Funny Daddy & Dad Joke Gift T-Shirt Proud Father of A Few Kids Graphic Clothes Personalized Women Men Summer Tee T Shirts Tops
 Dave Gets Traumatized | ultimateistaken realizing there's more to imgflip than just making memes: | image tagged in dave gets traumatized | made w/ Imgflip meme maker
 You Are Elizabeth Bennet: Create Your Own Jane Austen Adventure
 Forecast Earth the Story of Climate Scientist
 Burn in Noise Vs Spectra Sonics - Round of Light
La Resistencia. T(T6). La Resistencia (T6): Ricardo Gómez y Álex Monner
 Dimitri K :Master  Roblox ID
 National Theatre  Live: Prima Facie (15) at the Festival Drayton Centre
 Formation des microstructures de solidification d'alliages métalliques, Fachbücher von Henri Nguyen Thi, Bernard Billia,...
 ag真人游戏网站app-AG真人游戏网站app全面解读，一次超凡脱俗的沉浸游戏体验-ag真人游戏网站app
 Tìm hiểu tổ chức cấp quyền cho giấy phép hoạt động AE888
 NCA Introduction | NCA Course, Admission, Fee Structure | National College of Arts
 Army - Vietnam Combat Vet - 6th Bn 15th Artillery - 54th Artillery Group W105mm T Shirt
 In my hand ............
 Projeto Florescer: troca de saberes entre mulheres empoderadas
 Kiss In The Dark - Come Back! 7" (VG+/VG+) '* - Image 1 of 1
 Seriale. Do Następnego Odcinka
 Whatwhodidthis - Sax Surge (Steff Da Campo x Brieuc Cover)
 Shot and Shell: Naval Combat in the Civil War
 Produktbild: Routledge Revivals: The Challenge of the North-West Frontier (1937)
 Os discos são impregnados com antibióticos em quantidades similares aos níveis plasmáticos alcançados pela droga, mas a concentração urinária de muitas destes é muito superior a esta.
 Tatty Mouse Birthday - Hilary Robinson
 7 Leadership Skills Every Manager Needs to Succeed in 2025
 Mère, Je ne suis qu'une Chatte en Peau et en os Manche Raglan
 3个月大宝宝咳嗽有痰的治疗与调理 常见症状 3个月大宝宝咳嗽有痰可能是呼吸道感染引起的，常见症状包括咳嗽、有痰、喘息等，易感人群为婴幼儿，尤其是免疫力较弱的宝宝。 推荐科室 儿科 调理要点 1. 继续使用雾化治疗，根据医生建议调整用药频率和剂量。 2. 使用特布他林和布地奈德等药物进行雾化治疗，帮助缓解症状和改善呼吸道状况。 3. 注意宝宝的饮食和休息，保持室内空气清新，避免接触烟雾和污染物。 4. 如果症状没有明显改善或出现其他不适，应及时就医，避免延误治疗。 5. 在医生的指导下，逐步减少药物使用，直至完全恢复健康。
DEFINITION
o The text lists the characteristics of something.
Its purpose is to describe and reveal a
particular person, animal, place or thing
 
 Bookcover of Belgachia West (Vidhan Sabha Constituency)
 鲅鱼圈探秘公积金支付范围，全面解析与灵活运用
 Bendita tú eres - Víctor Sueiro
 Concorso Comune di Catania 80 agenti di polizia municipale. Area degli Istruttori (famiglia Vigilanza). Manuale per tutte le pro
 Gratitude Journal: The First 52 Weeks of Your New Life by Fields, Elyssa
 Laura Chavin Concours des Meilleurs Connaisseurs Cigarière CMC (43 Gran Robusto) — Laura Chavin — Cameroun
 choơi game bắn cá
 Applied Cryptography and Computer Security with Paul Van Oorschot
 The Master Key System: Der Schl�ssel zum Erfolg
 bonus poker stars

Task details >>
Please show each line in the records above that contains "National".

Reply to the exercise >>
 National Theatre  Live: Prima Facie (15) at the Festival Drayton Centre
 NCA Introduction | NCA Course, Admission, Fee Structure | National College of Arts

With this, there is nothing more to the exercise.